INPUT
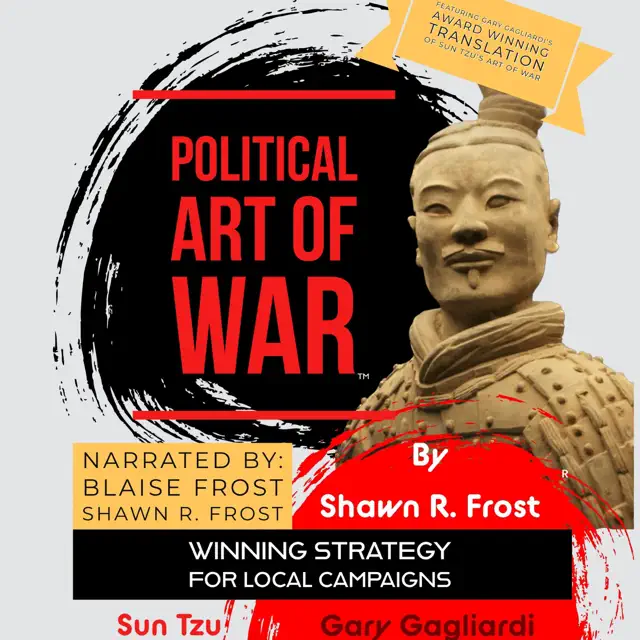 Political Art of War: Winning Strategy for Local Campaigns (Unabridged)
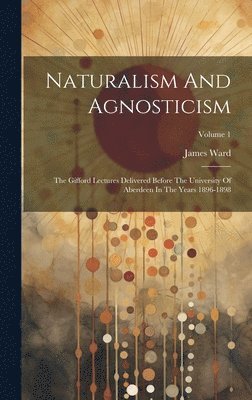 James Ward - Naturalism And Agnosticism, Inbunden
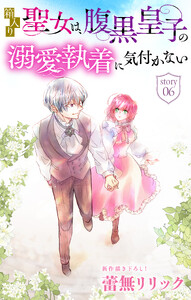 箱入り聖女は、腹黒皇子の溺愛執着に気付かない[1話売り] story06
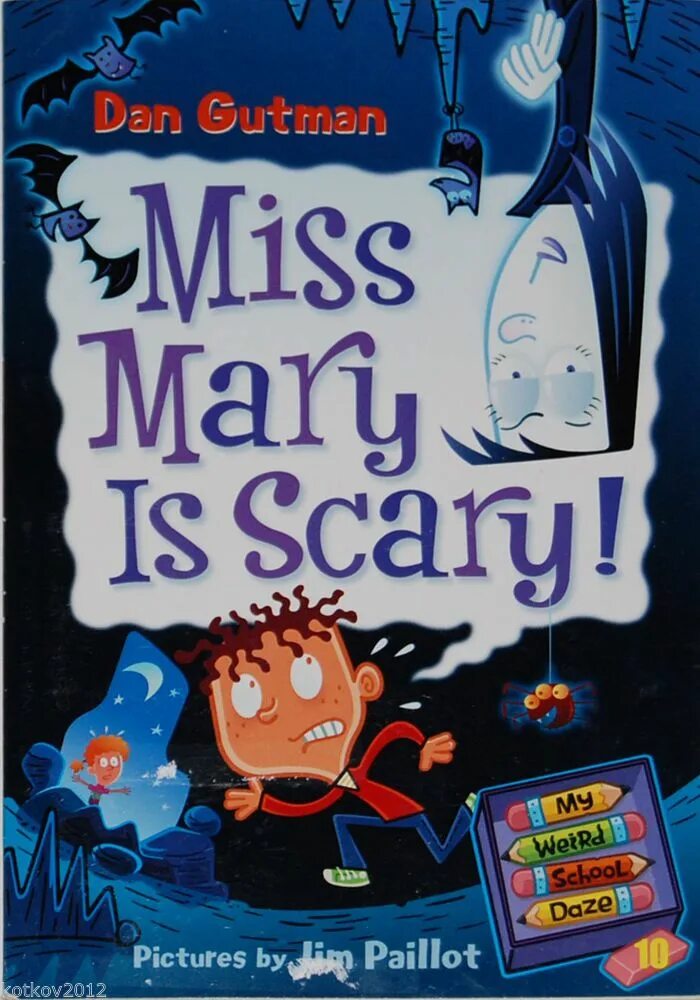 Scary Miss Mary. My weird School книга. Miss обложка. School Daze.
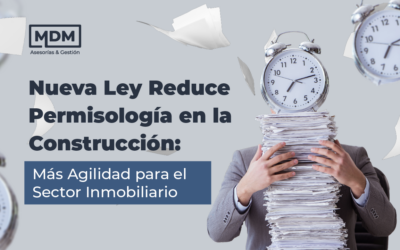 Nueva Ley Reduce Permisología en la Construcción: Más Agilidad para el Sector Inmobiliario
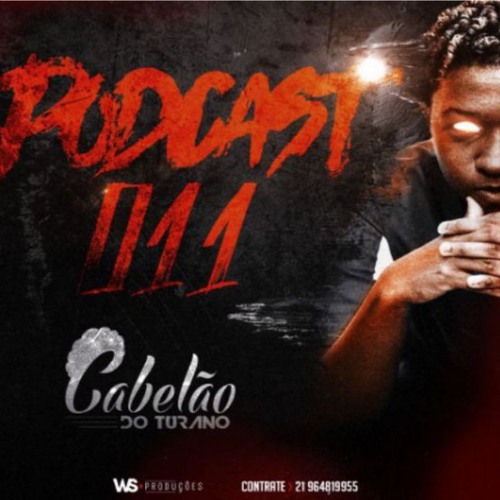 PODCAST 011 DJ CABELÃO DO TURANO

TASK PROMPT
Retype exactly the lines above, starting at the line containing "Scary Miss Mary." and ending with the last line, both included; leave out the pictures.

ANSWER BELOW
 Scary Miss Mary. My weird School книга. Miss обложка. School Daze.
 Nueva Ley Reduce Permisología en la Construcción: Más Agilidad para el Sector Inmobiliario
 PODCAST 011 DJ CABELÃO DO TURANO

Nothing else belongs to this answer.